Just an update if anyone is interested.

I believe I'm really lucky with this brain stuff so far. Basically the one skull tumor that is growing is pressing on the outer layer of the brain and displacing the brain but nothing is in the brain. The other 2 tumors are actually a little smaller than they were in February with one of them still pressing on the outer layer of the brain but it doesn't displace it. I assume that's the PD1 working some but dunno. So why didn't they radiate last February when the mri said I had a tumor pressing on my brain? I dunno. That was my local onc doc then and now I have my mayo doc. That was also the time I was almost paralyzed so I didn't really look at the mri i guess.

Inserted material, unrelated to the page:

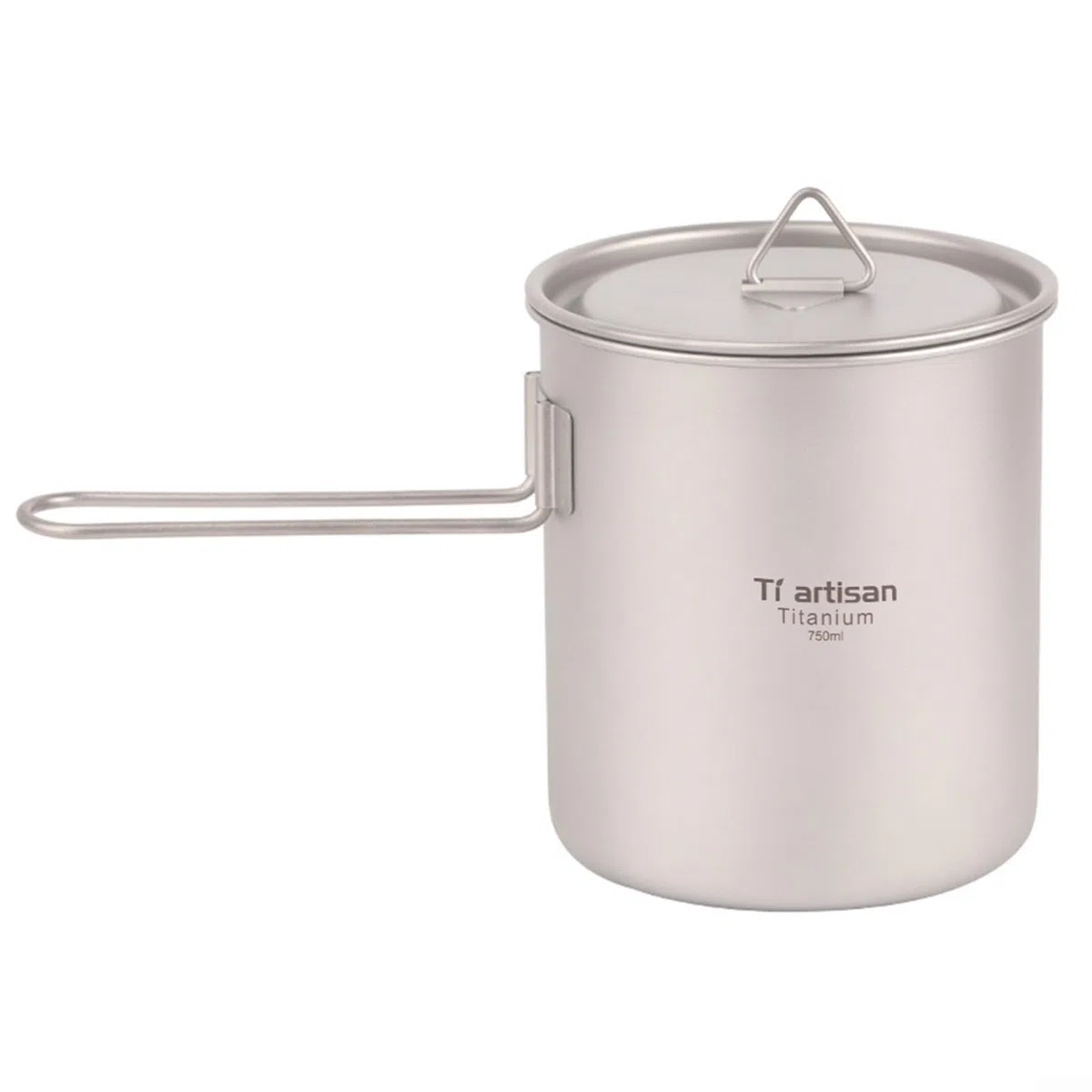 Tiartisan - Olla ultraligera de titanio para exteriores con tapa de 550 ml/750 ml, olla de cocina ligera para camping, senderismo, ahorro de espacio (750 ml)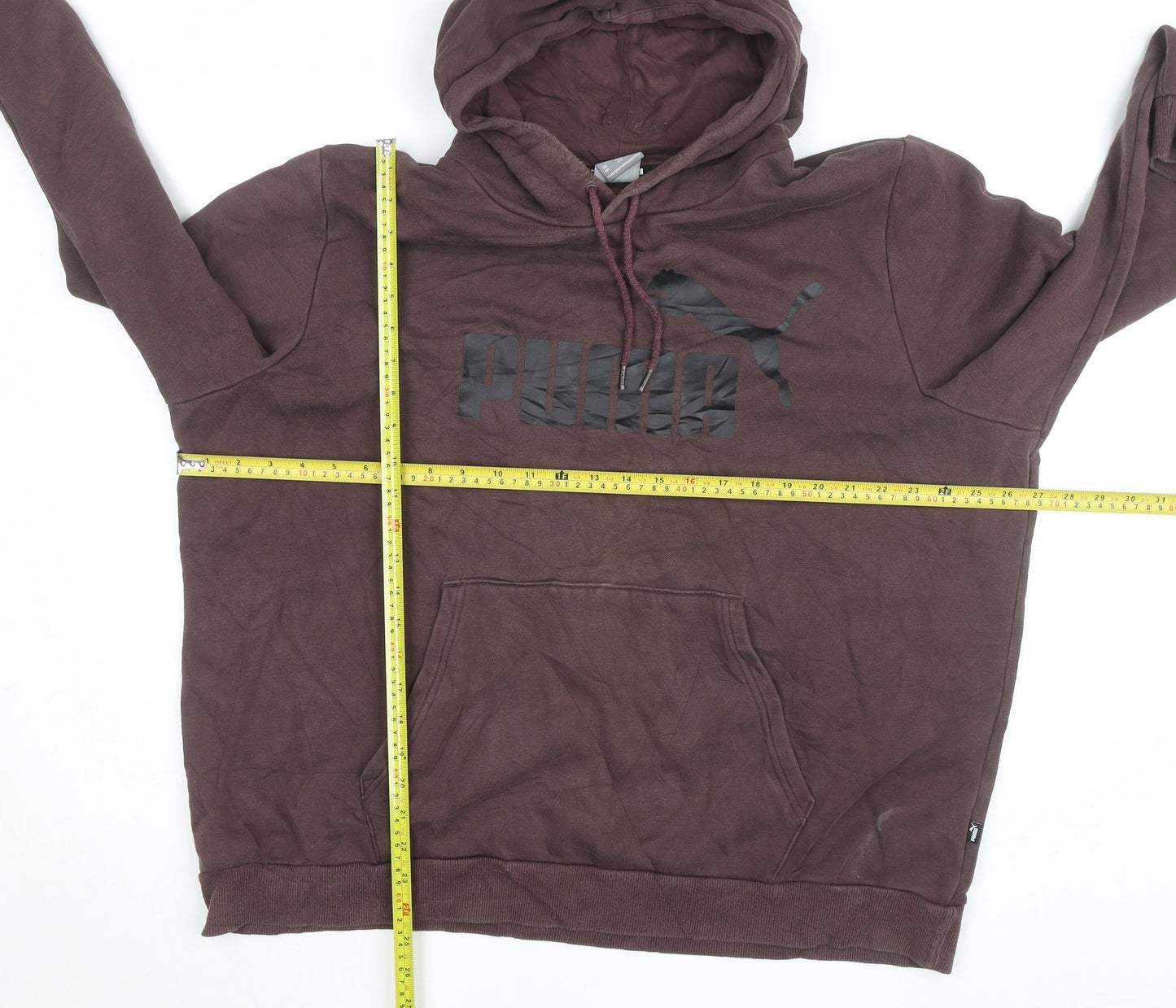 Puma Men's Brown 2XL Pullover Hoodie with Logo Print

Anyway my local radiation doc is actually more concerned with the spine. Apparently there is some more spinal cord stuff happening like last February although I'm not really experiencing much symptoms yet. My mayo doc did confirm after reading the mri reports that the spine needs radiated too. So the plan is PD1 on Sept 3. Radiate t12 and l2 in spine at 30 gray in 5 fractions Sept 8 to 17th. That is the same plan that shrank the t10 in March and now the PD1 is continuing to shrink it.

For the skull though he basically said he hasn't decided the best way of doing it. He hasn't got it in his head yet he said. He also said he will be talking to his colleague about it. He also didn't want me on the table that long and not being able to stay still for 30 plus minutes. So he's going to decide how to do it and do it after the spine. So the plan is PD1 on Sept 24. Radiate skull in some fashion starting around Sept 26.

Like Joe said about the dosage needing to be higher per zap for melanoma he did say it would be higher than 3000 (ie: 3 gray I think) probably something like 4100. I guess that is a little over 4 gray. But he was not sure about a minimum of 6 gray to the skull. But he hasn't decided anything with the skull yet. He was talking more about focusing the beams directly and things instead of the standard area blast. So I think he's on the right track. I also think if he can shrink it even a litle maybe the PD1 will take over.

I hope I get the radiation/pd1 combo miracle that some people get. We shall see.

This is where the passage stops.